RESPONSE; the reason you can replace evening with dark is because at creation darkness was here first before light and this SAME darkness was divided from the light and was referred to as evening by Moses and that is why evening and darkness is synonymous, night also.

You wrote,

but it would still be indefinite as to which "dark" it was (pm twilight, night, or am twilight).

RESPONSE; I some what agree and that's why other terms came into existence such as midnight, noonday, as it began to grow dark, as it began to grow light, also there is a between the evenings BEFORE sunrise in Exodus 16 and there is a between the evenings at the going down of the sun and finally by the time of the New Testament they had divided the night and day into watches and even hours. All these different terms would allow appointments to be kept without having to wait as long for someone to show.

Even though it would still be indefinite as to which "dark" it was (pm twilight, night, or am twilight), it is still less confusion than if the word at evening had more than one meaning. How would I know when the day ends, at dusk or at dark? The same is true with a term sundown, if sundown carried several different meanings other than dark, it would not be specific and I believe that ANY terms that is dealing with time has to be specific.
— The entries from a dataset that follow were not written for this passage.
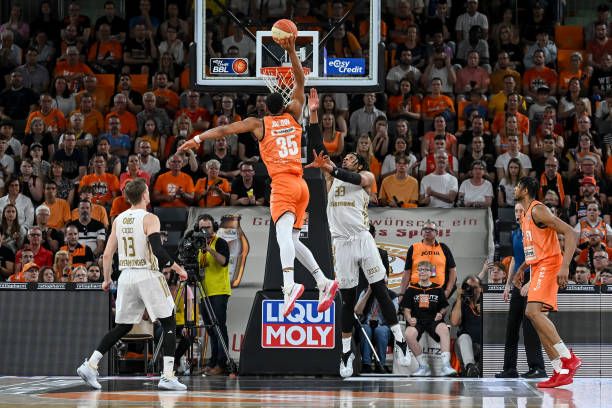 牙联赛中崭 牙联赛中崭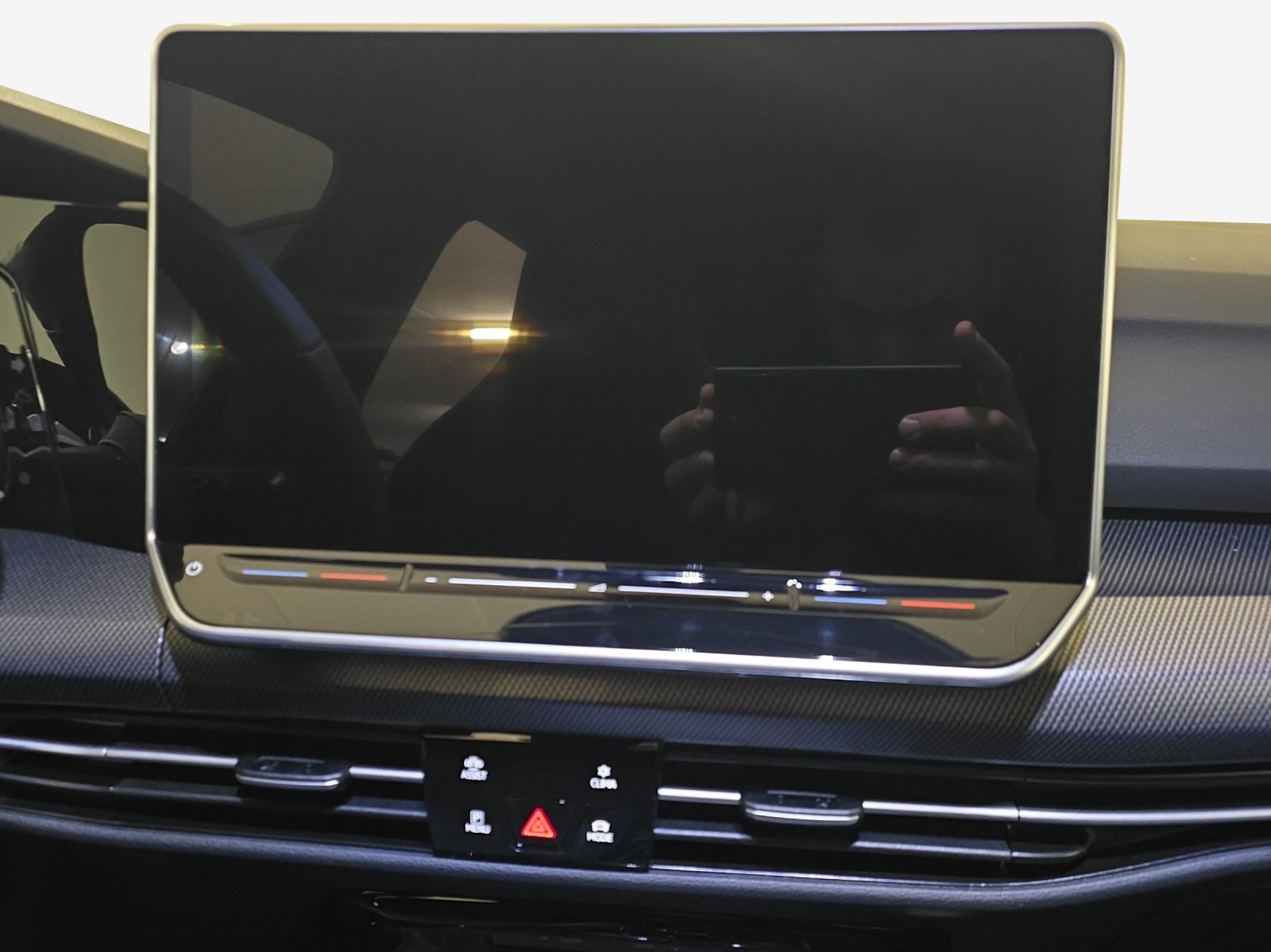 VW Golf 1.5 e TSI mHEV R-Line DSG-image-10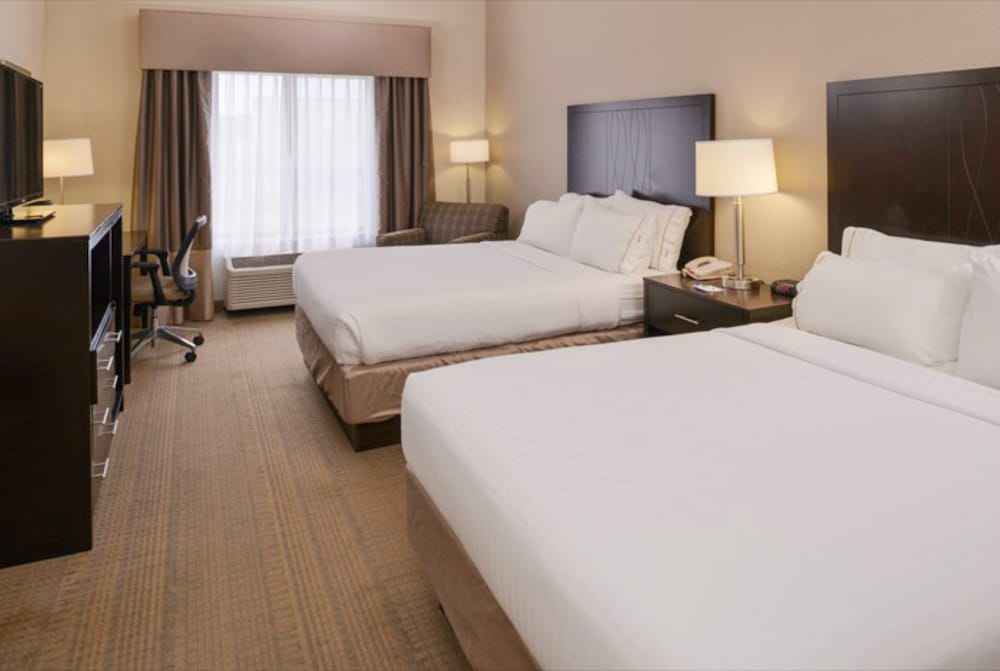 Standard Room, 2 Queen Beds, Accessible (Mobility, Access Tub)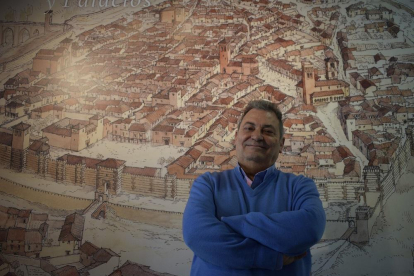 Ricardo Guerra, frente a un mapa de la ciudad de Arévalo.-ARGICOMUNICACIÓN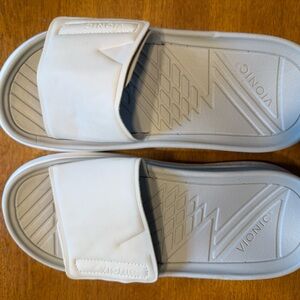 Vionic Cream Slide Sandals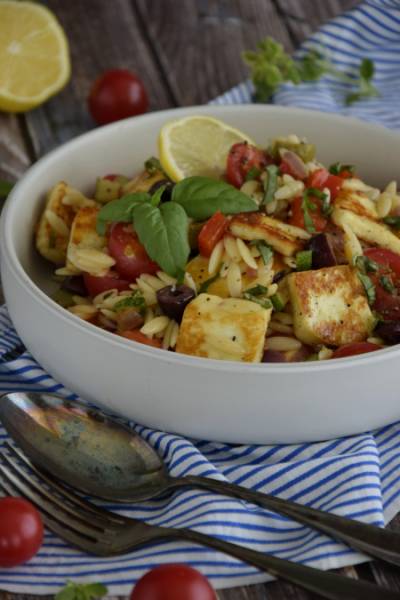 Sałatka orzo z halloumi, cukinią i papryką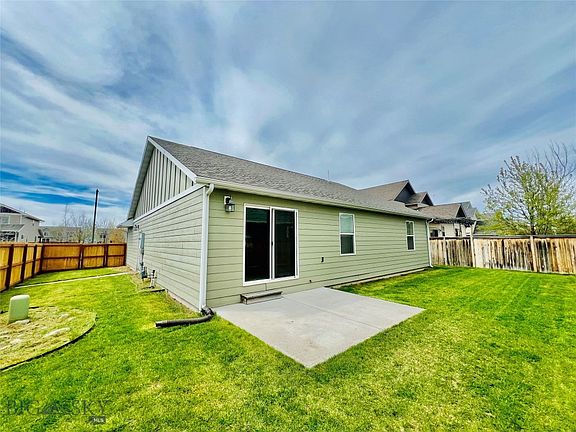 4th image of 810 Jardine Ave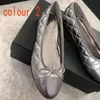 2023Designer Dress Spring och Autumn 100% Cowhide Letter Bow Ballet Dance Shoes Fashion Women Black Flat Boat Shoe Lady Leather Trample Lazy Loafers Large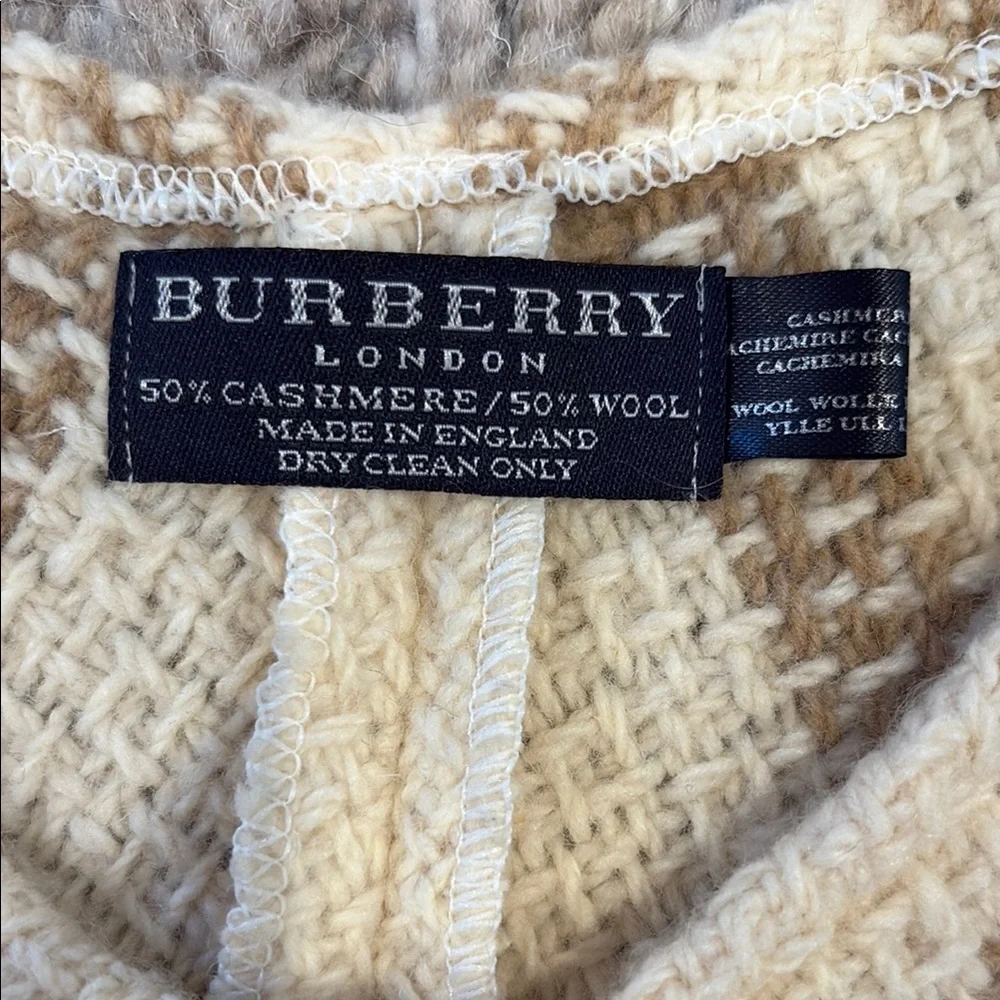 Burberry Wide Check Wool Shawl - Picture 2 of 5
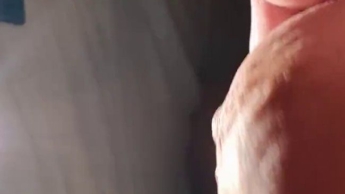 Titten baumeln lassen und dran gespielt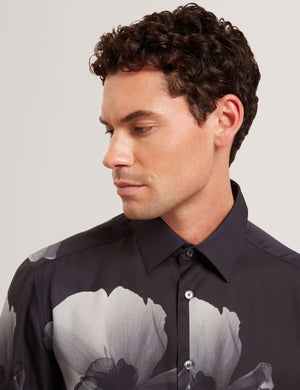 AMUND | BLACK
The reason that any time a term is used to refer to TIME it's self, such as a sundown, EVENING, etc, has to be SPECIFIC as because it is USELESS, confusion, and defeats its own purpose if it doesn't. In the very beginning the Hebrew the word for EVENING referred to DARK or DARKNESS and it carries this meaning throughout the Scriptures even though the word can be used to refer to a space of time between the darkness. This is the reason no one can find the Hebrew word for EVENING referring to anything but darkness, or between the darkness. As time went on, other terms were used, such as midnight, to be more specific as to what part of the darkness you're thinking of but the term EVENING is still referring to darkness.

.
You wrote,

"However, in many of the same Scriptures, we could just as reasonably replace "evening" with "afternoon" or "late afternoon" or "sunset" (which isn't yet "dark").
The point is, it's hard to define a word by USAGE, when the usages vary so much."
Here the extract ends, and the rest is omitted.